Saturday, September 29, 2012


We're visiting relatives in eastern Kansas right now, and the humidity is much greater than it is at home.  It's been a reminder to me that open-air dehydrating isn't as easy an option for many people as we're used to.

At home I can set a tray of chopped onions on the kitchen table and the next day they're dry enough to pack up.  Same with peppers, olives, and many other fruits or veggies and herbs. 

Some, like strawberry slices, take longer even in our climate and I speed it up by putting them in the oven where the pilot light helps dry them faster.

But I realize now that I'm quite spoiled by how easy most things are to dehydrate in our dry climate.  If I lived in a place like where we're visiting I'd most likely have to use an electric dehydrator to do most of my dehydrating.

We did get one tip earlier on this blog about placing herbs like mint in paper sacks for dehydrating.  Does anyone have other tips for dehydrating food in humid climates?

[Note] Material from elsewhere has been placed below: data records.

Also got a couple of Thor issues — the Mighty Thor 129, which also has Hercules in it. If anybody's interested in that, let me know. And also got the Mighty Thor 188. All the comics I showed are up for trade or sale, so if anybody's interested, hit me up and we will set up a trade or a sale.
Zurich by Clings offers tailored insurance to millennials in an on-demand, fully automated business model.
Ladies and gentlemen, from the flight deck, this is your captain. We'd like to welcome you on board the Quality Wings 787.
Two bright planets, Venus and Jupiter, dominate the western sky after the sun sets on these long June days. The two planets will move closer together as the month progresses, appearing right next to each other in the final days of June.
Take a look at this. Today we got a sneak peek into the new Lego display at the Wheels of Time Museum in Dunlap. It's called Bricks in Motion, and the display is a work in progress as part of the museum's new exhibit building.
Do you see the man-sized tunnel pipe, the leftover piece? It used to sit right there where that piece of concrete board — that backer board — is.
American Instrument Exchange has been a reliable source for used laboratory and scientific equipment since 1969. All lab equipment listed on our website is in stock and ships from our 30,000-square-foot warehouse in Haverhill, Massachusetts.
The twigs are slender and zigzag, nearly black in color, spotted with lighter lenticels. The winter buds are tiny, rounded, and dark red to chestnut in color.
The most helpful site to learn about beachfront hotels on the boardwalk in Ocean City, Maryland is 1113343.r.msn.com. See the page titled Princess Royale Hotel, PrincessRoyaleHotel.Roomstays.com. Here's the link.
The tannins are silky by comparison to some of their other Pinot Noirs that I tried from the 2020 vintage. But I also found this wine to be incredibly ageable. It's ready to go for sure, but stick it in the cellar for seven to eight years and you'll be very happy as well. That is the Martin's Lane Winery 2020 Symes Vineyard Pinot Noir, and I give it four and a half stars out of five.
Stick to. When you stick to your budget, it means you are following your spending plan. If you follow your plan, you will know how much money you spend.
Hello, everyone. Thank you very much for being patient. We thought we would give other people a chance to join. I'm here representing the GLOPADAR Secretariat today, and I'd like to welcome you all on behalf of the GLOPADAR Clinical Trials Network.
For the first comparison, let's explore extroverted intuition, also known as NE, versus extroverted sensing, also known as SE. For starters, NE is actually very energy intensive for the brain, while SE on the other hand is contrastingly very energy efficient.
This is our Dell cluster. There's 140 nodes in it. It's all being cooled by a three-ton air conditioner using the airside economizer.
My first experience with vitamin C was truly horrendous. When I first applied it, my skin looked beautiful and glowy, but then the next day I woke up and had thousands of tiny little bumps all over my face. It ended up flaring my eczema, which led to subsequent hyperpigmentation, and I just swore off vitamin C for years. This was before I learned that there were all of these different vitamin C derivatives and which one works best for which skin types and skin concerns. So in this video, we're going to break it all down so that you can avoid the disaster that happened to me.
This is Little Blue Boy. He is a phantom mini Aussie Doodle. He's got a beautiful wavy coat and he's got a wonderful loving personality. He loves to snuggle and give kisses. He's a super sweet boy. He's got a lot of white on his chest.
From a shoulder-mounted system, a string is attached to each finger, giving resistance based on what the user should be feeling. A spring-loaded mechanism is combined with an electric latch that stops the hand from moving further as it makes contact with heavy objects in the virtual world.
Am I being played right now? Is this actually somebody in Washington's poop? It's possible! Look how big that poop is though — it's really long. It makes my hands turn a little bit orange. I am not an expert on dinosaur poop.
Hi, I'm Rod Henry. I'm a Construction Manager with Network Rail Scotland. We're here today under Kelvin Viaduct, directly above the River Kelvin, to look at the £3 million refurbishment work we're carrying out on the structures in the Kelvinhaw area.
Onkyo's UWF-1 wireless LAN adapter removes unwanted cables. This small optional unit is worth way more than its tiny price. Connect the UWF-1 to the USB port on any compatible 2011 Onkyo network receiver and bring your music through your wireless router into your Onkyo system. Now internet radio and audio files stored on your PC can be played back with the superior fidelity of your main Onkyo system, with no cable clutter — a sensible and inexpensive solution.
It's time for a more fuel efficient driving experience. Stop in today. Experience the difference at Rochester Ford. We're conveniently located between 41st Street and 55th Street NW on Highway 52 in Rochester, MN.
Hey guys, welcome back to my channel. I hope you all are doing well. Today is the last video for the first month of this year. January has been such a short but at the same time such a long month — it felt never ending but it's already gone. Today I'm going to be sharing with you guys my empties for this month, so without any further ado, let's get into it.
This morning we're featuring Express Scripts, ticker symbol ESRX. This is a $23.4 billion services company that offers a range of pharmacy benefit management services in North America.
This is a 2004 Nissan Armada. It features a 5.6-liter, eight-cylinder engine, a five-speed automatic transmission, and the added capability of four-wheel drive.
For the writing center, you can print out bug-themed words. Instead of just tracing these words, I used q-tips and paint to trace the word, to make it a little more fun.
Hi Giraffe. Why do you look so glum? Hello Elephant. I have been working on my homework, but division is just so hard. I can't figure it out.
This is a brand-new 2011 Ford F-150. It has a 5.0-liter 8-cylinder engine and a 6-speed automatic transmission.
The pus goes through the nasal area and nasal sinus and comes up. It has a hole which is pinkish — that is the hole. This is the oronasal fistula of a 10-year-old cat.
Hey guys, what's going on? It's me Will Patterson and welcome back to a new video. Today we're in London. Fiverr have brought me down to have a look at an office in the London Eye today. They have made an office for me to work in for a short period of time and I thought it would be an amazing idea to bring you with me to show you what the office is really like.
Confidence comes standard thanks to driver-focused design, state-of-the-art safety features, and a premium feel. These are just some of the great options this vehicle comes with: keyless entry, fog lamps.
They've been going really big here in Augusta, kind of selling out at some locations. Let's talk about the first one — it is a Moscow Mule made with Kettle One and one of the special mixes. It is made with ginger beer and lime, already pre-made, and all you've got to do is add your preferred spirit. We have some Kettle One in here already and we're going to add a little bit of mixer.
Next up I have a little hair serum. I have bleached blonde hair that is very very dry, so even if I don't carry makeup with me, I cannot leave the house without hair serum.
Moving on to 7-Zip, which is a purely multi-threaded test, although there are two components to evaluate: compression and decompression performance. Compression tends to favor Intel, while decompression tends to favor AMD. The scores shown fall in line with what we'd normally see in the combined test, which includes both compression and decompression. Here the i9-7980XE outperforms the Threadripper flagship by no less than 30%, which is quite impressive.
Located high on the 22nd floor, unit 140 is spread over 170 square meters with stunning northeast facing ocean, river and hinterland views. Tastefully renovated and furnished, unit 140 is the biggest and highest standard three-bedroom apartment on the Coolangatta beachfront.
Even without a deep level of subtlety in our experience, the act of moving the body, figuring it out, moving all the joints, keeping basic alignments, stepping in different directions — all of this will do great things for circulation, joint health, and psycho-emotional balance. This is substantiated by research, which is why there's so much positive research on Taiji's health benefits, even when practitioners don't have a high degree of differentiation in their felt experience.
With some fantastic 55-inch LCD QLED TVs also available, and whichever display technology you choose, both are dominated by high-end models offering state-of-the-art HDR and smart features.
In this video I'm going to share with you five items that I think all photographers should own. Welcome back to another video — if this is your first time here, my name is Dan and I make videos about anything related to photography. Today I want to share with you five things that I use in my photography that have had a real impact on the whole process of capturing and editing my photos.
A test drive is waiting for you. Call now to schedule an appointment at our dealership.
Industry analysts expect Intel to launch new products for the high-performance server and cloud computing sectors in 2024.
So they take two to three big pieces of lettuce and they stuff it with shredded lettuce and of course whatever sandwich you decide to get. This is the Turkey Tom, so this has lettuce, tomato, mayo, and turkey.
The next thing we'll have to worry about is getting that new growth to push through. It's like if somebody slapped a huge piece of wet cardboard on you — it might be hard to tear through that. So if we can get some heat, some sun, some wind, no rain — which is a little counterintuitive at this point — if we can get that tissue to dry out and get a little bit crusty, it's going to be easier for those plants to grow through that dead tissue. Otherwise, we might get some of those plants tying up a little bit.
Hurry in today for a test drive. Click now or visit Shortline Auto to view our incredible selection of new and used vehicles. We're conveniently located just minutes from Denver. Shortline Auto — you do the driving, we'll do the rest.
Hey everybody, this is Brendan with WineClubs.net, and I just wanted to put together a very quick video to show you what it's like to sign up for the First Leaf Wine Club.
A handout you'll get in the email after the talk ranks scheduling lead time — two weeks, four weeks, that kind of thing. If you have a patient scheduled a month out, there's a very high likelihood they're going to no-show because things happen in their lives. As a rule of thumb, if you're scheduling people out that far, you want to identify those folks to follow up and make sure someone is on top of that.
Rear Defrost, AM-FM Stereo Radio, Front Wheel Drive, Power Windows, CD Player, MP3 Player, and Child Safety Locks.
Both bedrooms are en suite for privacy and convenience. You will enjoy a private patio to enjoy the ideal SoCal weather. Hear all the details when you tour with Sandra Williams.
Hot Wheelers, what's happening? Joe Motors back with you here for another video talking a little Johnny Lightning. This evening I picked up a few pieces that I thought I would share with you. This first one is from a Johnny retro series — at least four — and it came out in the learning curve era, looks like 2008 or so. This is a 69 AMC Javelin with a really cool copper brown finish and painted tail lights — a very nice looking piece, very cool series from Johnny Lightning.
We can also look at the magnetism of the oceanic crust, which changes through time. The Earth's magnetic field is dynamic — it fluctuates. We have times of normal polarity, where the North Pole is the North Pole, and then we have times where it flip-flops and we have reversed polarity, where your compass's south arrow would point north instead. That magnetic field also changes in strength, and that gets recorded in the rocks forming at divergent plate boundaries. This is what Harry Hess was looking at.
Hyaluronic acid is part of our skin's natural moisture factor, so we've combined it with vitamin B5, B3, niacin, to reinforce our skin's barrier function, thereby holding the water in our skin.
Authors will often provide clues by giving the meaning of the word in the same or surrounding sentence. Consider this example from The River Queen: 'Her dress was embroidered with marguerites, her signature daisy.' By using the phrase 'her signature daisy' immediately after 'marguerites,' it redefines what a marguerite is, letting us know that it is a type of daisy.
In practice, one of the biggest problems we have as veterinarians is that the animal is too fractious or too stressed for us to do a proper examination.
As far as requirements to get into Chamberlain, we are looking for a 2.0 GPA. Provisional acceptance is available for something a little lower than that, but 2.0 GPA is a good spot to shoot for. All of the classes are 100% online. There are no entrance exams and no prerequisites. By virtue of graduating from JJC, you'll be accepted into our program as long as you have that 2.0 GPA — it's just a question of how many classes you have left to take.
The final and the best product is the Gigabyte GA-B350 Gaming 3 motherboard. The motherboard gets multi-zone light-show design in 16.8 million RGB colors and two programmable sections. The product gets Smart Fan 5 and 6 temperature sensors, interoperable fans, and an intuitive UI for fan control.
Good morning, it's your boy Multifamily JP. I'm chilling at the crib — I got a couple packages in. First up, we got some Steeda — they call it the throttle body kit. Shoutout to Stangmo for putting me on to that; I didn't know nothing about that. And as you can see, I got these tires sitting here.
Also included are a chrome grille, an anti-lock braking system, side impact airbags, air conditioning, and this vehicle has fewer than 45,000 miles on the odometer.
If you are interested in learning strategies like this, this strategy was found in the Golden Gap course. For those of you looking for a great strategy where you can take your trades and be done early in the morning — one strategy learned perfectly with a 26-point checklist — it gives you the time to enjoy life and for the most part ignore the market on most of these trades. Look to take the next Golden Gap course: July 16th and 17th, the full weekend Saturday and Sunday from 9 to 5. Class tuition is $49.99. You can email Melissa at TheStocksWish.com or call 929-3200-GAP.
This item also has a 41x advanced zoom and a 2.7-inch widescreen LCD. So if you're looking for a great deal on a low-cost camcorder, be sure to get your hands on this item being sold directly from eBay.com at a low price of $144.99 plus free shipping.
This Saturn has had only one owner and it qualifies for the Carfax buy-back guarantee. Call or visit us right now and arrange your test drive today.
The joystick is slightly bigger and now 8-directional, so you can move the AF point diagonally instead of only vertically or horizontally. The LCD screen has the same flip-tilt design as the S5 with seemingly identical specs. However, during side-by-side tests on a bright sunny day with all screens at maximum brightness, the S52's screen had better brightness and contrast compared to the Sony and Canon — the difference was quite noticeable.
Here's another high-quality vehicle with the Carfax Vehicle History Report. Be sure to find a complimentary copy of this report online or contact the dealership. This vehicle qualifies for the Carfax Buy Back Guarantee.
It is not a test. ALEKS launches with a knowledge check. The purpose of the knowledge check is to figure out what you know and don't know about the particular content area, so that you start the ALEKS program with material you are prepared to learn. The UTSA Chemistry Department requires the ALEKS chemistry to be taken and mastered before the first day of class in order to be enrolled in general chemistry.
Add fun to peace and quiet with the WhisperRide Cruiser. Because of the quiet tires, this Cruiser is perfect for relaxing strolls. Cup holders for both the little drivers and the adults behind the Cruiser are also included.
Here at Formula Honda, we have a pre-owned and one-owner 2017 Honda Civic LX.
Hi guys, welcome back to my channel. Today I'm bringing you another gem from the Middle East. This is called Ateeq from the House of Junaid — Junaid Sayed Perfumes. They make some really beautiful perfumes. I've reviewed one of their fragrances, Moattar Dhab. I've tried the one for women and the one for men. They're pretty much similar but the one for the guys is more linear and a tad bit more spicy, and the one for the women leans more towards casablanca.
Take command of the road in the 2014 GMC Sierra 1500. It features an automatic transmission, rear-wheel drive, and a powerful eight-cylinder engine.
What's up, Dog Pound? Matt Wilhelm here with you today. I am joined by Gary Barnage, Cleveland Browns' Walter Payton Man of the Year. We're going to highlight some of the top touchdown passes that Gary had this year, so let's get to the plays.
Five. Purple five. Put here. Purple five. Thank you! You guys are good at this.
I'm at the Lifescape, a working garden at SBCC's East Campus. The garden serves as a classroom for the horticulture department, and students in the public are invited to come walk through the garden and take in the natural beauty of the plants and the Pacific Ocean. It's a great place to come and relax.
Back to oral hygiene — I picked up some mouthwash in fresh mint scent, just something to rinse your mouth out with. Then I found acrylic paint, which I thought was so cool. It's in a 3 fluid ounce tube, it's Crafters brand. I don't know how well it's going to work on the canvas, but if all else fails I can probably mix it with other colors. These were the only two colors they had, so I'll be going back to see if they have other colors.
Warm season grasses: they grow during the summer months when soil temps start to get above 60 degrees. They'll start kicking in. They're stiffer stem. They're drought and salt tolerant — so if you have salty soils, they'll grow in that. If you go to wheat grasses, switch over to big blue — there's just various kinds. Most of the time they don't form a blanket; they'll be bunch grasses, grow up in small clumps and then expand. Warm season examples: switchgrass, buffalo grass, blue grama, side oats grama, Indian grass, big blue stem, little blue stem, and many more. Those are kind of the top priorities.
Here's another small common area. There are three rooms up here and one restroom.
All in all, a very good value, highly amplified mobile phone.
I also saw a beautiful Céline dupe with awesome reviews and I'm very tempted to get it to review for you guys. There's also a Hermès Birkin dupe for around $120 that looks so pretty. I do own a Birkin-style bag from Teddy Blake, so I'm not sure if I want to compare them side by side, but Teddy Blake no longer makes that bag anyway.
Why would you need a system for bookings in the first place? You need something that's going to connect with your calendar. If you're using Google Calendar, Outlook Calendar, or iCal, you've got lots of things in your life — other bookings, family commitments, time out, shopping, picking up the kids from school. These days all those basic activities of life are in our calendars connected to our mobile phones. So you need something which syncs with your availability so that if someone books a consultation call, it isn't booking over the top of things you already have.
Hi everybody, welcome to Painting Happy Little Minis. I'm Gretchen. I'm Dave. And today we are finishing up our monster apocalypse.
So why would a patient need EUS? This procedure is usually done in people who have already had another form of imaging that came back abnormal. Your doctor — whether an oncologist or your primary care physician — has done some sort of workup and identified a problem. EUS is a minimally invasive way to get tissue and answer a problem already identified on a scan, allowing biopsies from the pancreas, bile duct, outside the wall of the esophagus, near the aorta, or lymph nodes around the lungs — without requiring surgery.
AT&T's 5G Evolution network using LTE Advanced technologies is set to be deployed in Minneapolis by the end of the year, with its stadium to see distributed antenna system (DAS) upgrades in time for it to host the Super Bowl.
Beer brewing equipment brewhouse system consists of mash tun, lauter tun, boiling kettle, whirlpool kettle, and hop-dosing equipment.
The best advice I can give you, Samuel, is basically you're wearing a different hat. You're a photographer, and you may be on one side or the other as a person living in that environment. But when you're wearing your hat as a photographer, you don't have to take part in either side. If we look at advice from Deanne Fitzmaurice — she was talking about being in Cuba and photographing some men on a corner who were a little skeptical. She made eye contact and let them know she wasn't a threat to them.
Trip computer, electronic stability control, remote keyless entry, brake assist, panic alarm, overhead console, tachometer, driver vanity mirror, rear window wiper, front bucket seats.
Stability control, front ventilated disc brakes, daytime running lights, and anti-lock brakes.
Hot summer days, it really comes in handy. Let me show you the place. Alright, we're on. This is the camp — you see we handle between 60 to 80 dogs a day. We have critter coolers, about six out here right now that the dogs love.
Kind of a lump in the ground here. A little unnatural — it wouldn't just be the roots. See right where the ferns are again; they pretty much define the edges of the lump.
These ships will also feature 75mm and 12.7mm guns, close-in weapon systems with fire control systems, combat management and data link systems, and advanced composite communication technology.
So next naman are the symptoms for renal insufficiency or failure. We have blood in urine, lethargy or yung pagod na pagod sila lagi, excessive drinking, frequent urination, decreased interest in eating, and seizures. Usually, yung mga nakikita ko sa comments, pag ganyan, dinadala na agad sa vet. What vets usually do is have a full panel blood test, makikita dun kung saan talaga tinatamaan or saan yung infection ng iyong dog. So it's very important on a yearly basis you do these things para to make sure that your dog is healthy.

I've heard of methods used by native Americans in the 'old days' where they hung food around fires, but is that truly dehydrating, or smoking, for preservation?  Or both?


  1. You can use your oven for dehydration if you put it on the lowest setting.

    It's not as cost effective as using a dehydrator in the long-term, as ovens use more energy, but it's cheaper in the short-term because purchasing a dehydrator is expensive. It also requires keeping a closer eye on it.

  2. Thank you Faye,
    I have already put my dehydrator to bed and I find that I have celery forgotten in the fridge that must be dried or thrown away. Throwing it away would make me sad.